## THE TASK
Word for word, set down the entries below.

Records from a data collection

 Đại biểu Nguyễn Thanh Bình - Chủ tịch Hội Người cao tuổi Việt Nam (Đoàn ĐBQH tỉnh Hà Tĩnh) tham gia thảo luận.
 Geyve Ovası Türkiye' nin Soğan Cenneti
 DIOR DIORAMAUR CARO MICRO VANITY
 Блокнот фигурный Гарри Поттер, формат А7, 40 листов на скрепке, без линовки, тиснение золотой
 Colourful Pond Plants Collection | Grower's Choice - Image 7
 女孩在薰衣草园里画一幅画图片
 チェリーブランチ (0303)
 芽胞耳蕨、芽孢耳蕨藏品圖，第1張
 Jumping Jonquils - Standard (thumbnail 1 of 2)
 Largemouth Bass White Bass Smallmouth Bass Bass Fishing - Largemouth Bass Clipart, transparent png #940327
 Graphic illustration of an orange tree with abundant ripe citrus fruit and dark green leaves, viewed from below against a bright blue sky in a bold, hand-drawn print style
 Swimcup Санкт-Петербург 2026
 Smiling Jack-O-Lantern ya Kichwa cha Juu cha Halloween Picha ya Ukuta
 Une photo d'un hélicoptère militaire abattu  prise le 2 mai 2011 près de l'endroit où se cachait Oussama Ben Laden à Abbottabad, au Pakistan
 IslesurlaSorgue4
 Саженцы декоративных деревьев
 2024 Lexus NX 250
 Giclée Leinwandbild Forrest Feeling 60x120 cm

## TASK SOLUTION
 Đại biểu Nguyễn Thanh Bình - Chủ tịch Hội Người cao tuổi Việt Nam (Đoàn ĐBQH tỉnh Hà Tĩnh) tham gia thảo luận.
 Geyve Ovası Türkiye' nin Soğan Cenneti
 DIOR DIORAMAUR CARO MICRO VANITY
 Блокнот фигурный Гарри Поттер, формат А7, 40 листов на скрепке, без линовки, тиснение золотой
 Colourful Pond Plants Collection | Grower's Choice - Image 7
 女孩在薰衣草园里画一幅画图片
 チェリーブランチ (0303)
 芽胞耳蕨、芽孢耳蕨藏品圖，第1張
 Jumping Jonquils - Standard (thumbnail 1 of 2)
 Largemouth Bass White Bass Smallmouth Bass Bass Fishing - Largemouth Bass Clipart, transparent png #940327
 Graphic illustration of an orange tree with abundant ripe citrus fruit and dark green leaves, viewed from below against a bright blue sky in a bold, hand-drawn print style
 Swimcup Санкт-Петербург 2026
 Smiling Jack-O-Lantern ya Kichwa cha Juu cha Halloween Picha ya Ukuta
 Une photo d'un hélicoptère militaire abattu  prise le 2 mai 2011 près de l'endroit où se cachait Oussama Ben Laden à Abbottabad, au Pakistan
 IslesurlaSorgue4
 Саженцы декоративных деревьев
 2024 Lexus NX 250
 Giclée Leinwandbild Forrest Feeling 60x120 cm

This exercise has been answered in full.